Ahead of the July UN Food Systems Pre-Summit in Rome, South Sudan hopes to secure bold commitments before the September UN Food Systems Summit in New York. These goals were cautiously supported by Awad, who leaned into sustainability and a multi-step partnership approach.
Awad said the World Food Program in South Sudan is focused on long-term development and resilience building to allow people to grow their own food and define the type of livelihood that can stabilize the country. This sentiment mirrors UN Secretary-General António Guterres’s comments during his statement announcing the UN Food Summit 2021, which is focused on growth and sustainability over just giving. “The Pre-Summit in Italy will be a key moment for mobilizing the bold commitments we need to build sustainable food systems that work for people, planet, and prosperity,” stated Guterres.
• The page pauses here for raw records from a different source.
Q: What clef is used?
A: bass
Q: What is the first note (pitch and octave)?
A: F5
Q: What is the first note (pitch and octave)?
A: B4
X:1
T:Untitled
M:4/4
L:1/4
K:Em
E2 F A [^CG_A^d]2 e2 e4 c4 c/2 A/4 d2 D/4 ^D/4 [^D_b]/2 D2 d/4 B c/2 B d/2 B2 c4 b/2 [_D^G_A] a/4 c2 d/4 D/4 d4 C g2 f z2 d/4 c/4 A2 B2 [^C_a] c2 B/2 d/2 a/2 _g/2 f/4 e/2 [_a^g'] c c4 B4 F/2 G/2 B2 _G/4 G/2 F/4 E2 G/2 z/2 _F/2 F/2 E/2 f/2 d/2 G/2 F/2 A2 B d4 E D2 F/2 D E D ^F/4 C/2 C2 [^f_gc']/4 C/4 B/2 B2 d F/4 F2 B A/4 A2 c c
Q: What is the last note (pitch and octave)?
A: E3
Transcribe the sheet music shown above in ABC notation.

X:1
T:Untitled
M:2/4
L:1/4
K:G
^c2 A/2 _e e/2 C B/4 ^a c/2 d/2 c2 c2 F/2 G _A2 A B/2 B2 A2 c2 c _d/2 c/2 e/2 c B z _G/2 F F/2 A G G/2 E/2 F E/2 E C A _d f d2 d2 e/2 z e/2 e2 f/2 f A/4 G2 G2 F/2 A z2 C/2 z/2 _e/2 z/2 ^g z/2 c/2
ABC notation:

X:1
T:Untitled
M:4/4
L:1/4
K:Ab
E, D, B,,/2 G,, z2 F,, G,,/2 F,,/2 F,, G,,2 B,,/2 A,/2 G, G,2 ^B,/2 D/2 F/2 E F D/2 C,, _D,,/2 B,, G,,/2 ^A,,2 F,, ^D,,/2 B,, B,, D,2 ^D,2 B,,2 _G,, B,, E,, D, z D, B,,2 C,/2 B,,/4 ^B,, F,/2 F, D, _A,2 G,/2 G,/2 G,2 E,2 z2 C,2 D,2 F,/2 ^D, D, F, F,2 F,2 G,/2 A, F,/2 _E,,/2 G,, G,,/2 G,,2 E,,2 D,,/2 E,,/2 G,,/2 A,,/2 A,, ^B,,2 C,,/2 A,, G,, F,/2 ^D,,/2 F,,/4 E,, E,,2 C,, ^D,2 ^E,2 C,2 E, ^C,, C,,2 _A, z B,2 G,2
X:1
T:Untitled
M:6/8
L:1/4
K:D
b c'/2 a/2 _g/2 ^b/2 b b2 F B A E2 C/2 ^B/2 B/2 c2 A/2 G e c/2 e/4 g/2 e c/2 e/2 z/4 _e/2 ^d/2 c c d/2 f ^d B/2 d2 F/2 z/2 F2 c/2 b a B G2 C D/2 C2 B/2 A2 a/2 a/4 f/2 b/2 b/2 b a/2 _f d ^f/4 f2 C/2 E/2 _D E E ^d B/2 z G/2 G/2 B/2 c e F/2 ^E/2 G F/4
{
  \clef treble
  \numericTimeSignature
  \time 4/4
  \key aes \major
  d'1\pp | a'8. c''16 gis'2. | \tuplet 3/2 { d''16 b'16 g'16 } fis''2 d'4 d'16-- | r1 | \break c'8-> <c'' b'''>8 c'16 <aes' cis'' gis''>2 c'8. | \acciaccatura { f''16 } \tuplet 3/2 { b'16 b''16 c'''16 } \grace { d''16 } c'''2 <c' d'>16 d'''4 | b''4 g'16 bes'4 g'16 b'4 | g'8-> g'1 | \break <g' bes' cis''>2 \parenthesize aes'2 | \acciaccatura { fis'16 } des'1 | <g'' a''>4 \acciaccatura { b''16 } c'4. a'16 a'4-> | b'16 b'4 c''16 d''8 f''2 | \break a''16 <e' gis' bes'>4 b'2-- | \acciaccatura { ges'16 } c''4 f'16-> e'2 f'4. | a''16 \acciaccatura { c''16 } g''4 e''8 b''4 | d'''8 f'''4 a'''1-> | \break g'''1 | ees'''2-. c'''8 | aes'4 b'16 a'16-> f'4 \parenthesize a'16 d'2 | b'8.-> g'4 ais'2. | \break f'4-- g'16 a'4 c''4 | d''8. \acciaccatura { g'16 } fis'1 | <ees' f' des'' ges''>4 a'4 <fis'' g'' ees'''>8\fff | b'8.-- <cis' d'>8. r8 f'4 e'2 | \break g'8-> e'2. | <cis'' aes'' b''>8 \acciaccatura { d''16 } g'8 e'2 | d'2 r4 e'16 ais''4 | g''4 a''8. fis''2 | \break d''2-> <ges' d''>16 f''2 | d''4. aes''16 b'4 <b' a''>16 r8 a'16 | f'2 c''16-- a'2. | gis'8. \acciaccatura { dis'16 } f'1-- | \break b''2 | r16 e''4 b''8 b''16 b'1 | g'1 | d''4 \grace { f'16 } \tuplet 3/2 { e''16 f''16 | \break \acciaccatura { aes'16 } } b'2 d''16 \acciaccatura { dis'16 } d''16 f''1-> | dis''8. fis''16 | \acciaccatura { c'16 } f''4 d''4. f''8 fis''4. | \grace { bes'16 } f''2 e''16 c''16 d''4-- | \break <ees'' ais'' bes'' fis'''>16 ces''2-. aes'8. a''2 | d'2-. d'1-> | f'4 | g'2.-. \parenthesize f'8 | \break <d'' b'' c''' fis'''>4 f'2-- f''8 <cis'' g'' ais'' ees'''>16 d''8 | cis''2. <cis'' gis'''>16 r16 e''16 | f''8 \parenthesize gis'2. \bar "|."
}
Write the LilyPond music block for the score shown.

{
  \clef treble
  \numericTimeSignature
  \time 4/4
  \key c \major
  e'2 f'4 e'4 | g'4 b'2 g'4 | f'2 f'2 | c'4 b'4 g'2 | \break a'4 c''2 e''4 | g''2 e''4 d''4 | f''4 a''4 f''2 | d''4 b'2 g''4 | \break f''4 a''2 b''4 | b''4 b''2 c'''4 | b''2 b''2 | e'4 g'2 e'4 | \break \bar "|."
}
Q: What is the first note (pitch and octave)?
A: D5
The World Food Program statistics report that just ten years after South Sudan gained independence from the Republic of Sudan in 2011, 7.2 million people are acutely hungry within its small population of an estimated 12 million people.
“South Sudanese people want to become independent and don’t want to rely on food rations just because they need it. I have met many people who have told me, can you teach me a skill,” Awad stated to Today News Africa.
Marwa Awad, Spokesperson for the UN’s World Food Programme in South Sudan, called on the international community to help end conflict, stabilizing South Sudan, because violence is a roadblock that must be removed to build the type of programs that will be successful over the long term.